§ Task brief: The first line of the entries below, the line containing "Topographic map of Nazareno", and every line between them should be repeated exactly, and nothing else.

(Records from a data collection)
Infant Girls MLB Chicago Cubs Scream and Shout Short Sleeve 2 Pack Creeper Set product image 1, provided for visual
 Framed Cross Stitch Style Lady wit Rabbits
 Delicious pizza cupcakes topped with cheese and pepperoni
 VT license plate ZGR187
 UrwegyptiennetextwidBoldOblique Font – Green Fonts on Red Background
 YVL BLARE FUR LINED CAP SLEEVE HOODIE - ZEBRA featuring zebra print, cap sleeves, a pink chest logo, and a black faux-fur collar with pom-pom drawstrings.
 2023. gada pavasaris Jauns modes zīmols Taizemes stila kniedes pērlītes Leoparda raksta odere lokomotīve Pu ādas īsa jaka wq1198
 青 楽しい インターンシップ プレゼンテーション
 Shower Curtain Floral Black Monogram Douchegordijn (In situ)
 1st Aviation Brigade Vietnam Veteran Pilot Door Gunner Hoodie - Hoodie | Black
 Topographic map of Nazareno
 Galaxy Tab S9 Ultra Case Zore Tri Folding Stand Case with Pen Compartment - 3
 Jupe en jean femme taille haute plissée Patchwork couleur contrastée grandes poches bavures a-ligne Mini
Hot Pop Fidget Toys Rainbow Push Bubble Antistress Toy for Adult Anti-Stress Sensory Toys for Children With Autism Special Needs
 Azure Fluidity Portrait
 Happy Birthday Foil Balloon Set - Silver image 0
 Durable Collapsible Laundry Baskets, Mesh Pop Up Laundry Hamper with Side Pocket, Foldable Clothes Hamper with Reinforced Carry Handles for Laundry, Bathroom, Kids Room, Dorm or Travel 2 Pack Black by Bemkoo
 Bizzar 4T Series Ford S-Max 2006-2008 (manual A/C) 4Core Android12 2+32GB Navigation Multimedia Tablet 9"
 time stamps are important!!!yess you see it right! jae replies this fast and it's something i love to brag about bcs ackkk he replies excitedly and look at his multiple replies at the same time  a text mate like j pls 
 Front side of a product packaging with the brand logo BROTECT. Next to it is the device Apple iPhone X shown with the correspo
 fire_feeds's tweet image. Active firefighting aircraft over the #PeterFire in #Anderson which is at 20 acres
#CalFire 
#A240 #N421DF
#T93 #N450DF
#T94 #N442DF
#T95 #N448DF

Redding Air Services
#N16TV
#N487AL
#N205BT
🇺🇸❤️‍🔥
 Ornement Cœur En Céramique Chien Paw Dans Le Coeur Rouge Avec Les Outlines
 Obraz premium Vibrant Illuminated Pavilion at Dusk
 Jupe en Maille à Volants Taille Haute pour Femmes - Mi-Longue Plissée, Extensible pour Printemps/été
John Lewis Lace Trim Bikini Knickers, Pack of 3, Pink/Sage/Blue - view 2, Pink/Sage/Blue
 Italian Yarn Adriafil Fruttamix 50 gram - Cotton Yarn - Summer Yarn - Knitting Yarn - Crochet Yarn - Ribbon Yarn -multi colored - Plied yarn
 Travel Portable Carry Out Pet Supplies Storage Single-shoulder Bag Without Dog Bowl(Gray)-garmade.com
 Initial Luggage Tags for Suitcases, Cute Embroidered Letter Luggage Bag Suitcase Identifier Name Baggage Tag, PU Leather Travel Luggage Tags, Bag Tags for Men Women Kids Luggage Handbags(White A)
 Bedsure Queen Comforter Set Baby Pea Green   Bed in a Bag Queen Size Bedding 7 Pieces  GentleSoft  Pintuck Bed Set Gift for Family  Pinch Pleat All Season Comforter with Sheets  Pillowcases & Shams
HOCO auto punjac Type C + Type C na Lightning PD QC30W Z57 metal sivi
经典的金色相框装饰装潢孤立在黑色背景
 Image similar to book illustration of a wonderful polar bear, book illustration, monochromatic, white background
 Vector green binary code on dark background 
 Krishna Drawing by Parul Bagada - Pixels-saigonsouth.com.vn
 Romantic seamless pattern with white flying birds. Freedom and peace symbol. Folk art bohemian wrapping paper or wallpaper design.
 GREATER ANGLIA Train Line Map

§ Answer to the exercise:
Infant Girls MLB Chicago Cubs Scream and Shout Short Sleeve 2 Pack Creeper Set product image 1, provided for visual
 Framed Cross Stitch Style Lady wit Rabbits
 Delicious pizza cupcakes topped with cheese and pepperoni
 VT license plate ZGR187
 UrwegyptiennetextwidBoldOblique Font – Green Fonts on Red Background
 YVL BLARE FUR LINED CAP SLEEVE HOODIE - ZEBRA featuring zebra print, cap sleeves, a pink chest logo, and a black faux-fur collar with pom-pom drawstrings.
 2023. gada pavasaris Jauns modes zīmols Taizemes stila kniedes pērlītes Leoparda raksta odere lokomotīve Pu ādas īsa jaka wq1198
 青 楽しい インターンシップ プレゼンテーション
 Shower Curtain Floral Black Monogram Douchegordijn (In situ)
 1st Aviation Brigade Vietnam Veteran Pilot Door Gunner Hoodie - Hoodie | Black
 Topographic map of Nazareno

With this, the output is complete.